[EXERCISE DATA — start]

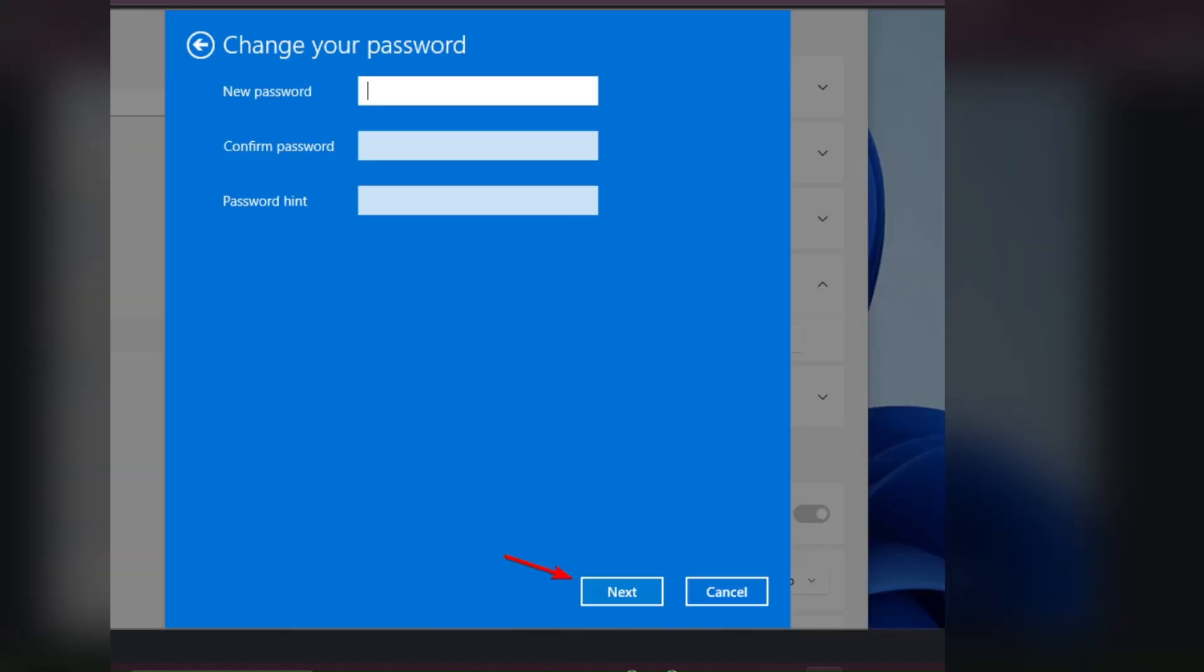Then you can see Change your password. You just have to leave these two boxes—new password and confirmation password—empty. In the password hint, you can give whatever you want. You can just give some letters and then click on Next.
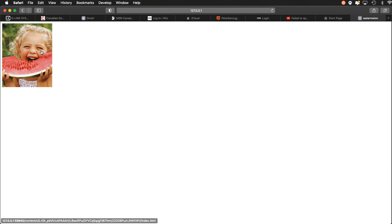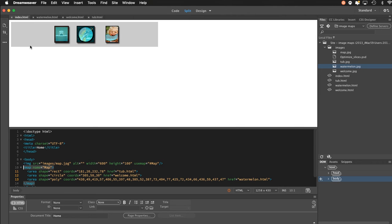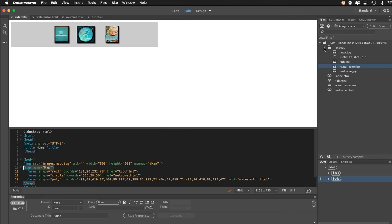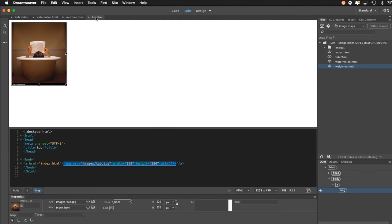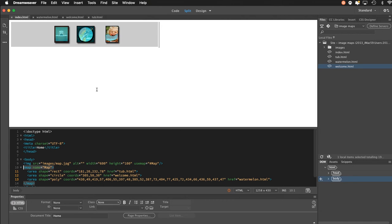I'm going to show you how to create this in Dreamweaver today. I'll tab over to Dreamweaver where I have the finished site. In my files panel I have established the root folder, and within that root folder is an images folder with all the images, plus each of the HTML files that were created. I'm going to create a new one and start from scratch.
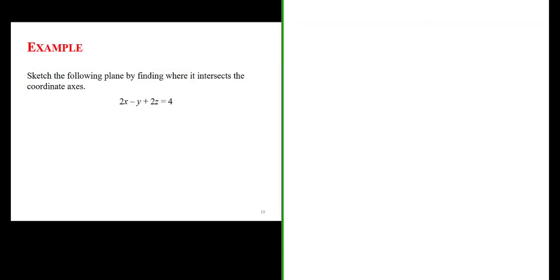Let's sketch the following plane by finding where it intersects the coordinate axes. I'm going to begin by writing the equation of the plane in standard form. This is 2x minus y plus 2z minus 4 is equal to 0.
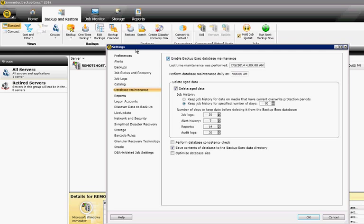Check the box. You have a lot of options here, such as the Perform Database Maintenance Time. It's done by default at 4 a.m., but you can change that.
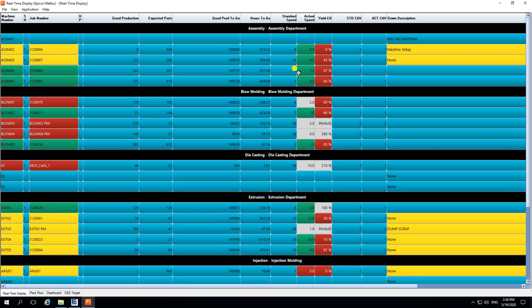Further information includes the standard speed, which is set up against the machine for a given job. For example, in extrusion for EXT-01, the job is meant to be running at a standard speed of 5 meters per minute. You then have a gauge against the actual speed, which is what's currently being monitored by the sensors. In this case we can see a match of actual speed versus standard speed, though there can be cases where we're running slower — in this example running at 9.5 rather than 10.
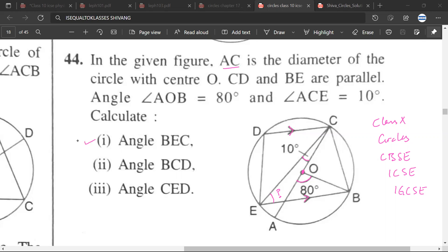Angle ACB will be 40 degrees, because the inscribed angle is half of the central angle.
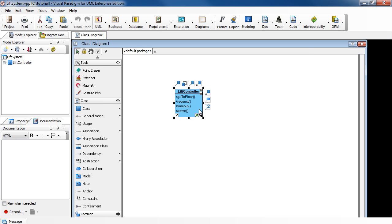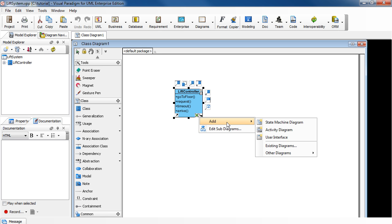Click the Subdiagrams icon at the lower right corner to select Add. Then State Machine Diagram.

[EXERCISE DATA — finish]

**EXERCISE AIM**
Retype only the lines that run from the first line of the entries above to the line containing "Check the box.", both included. Do not carry over any pictures.

**OUTPUT BELOW**
Then you can see Change your password. You just have to leave these two boxes—new password and confirmation password—empty. In the password hint, you can give whatever you want. You can just give some letters and then click on Next.
I'm going to show you how to create this in Dreamweaver today. I'll tab over to Dreamweaver where I have the finished site. In my files panel I have established the root folder, and within that root folder is an images folder with all the images, plus each of the HTML files that were created. I'm going to create a new one and start from scratch.
Let's sketch the following plane by finding where it intersects the coordinate axes. I'm going to begin by writing the equation of the plane in standard form. This is 2x minus y plus 2z minus 4 is equal to 0.
Check the box. You have a lot of options here, such as the Perform Database Maintenance Time. It's done by default at 4 a.m., but you can change that.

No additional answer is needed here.